В заключение хочется сказать: никакое панибратство с чертами духами и ангелами, увы, не помогло поэту разглядеть в туманной дали дней свое роковое будущее. Никто из «потусторонних друзей» не предупредил поэта о близкой его собственной инкарнации. Пришла война. При первом налете фашистских мессершмиттов на Белград первая же бомба, упавшая на спящий рассветным сном город, угодила в крохотную квартирку поэта и убила нашего друга, вместе с женой, на той самой кровати, на которой, в далекую знойную июльскую ночь каждый из нас демонстрировал перед друзьями свою «последнюю инкарнацию».
АНТОНИЙ ХРАПОВИЦКИЙ. СЕМЬЯ ЗЕРНОВЫХ
Из всех центров русского рассеяния — Париж, Прага, Берлин и так далее — Белград представлял из себя как бы концентрацию самых реакционных, черносотенных элементов русской Вандеи. Кажется, нигде не было свалено в кучу такого количества «бывших» людей из бюрократически-чиновничьего мира рухнувшей российской монархии, как в столице Королевства сербов, хорватов и словенцев. Губернаторы, сенаторы, директора департаментов, думские деятели правых реакционных партий, военные генералы и тайные и действительные статские советники, митрополиты, архиереи, архимандриты, игумены разбежавшихся монастырей и за их спинами густые толпы богомольцев и в особенности богомолок, с постными, елейными лицами и с дикой, жгучей ненавистью к революции, к большевикам особенно; затем — полицейские и жандармы всех рангов, помещики, тоже всех рангов и состояний, губернские и уездные предводители дворянства, представители крупной буржуазии и финансовые деятели, недюжинные авантюристы и просто жулики, но эти люди — уцелевшие буржуи еще имевшие свои собственные денежные мешки и международные связи в финансовом и торговом мире, не задерживались на Балканах, они катили прямо в крупные европейские центры: в Париж, Берлин, Брюссель, Прагу, кое-кто в Варшаву и Рим, и даже в Лондон.

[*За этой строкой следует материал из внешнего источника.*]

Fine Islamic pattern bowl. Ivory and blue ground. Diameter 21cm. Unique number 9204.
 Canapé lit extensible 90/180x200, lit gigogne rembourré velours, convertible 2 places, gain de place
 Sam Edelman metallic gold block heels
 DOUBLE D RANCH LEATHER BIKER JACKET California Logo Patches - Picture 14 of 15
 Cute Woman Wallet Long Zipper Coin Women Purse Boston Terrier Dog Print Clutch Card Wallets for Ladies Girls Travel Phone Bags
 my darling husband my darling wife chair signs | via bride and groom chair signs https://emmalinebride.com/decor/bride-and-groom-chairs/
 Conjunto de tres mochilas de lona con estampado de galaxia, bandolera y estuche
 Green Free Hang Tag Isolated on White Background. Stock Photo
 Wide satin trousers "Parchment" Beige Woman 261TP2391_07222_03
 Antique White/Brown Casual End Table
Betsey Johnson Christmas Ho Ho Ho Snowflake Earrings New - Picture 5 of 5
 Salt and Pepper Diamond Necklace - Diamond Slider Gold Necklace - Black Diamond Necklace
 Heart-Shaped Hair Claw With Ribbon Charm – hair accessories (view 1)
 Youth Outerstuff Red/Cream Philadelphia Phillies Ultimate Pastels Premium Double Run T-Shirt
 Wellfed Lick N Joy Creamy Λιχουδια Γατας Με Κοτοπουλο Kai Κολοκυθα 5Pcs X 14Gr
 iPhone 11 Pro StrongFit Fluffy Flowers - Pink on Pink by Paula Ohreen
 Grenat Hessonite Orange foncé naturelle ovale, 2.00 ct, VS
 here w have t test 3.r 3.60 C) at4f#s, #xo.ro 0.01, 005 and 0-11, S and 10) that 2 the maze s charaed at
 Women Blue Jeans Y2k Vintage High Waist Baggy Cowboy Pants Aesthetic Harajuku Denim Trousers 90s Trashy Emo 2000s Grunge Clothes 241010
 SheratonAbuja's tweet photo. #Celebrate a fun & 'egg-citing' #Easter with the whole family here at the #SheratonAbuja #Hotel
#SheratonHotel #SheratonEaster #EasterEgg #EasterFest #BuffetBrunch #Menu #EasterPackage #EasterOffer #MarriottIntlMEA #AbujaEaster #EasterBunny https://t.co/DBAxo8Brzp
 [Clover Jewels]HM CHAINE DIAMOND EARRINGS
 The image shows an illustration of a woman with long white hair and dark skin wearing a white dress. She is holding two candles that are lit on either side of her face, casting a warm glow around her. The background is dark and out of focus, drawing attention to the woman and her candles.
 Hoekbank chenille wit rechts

Избегали Балкан и деятели февральской революции и связанные с ними либеральные и радикальные интеллигенты. Черносотенная русская беженская масса их бы просто затравила, как «растлителей и предателей великой России», что она и делала по отношению к некоторым профессорам, устроившимся в Белградском университете. Действовала непосредственно сама, чуть ли не с рукоприкладством, и с помощью и поощрением «Нового Времени», издававшегося в Белграде Сувориным.
Деятели февральской революции отличались от буржуев и тем, что в большинстве своем не имели денежных мешков, но имели кое-какие международные связи, только не в торговых, а в политических и научных кругах, тоже, конечно, буржуазных.
Деятели искусства — писатели, художники, артисты, так же, как и ученые, по преимуществу, стремились в Париж, Берлин, Прагу.
С бюрократически-дворянскими обломками рухнувшего самодержавия на Балканах осела, по крайней мере, в первые годы эмиграции и главная масса разгромленной в Крыму врангелевской армии — от высшего генералитета до демократических «низов».
Официальным представителем России в Белграде много лет после революции оставался бывший посланник царской России Штрандман. Только после падения кабинета Пашича, когда в июне 1924 года лидером демократической партии Довидовичем было оформлено новое правительство, оно наконец отказалось считать бывшего царского посланника Штрандмана официальным лицом, хотя никаких дипломатических отношений с советской Россией установлено не было.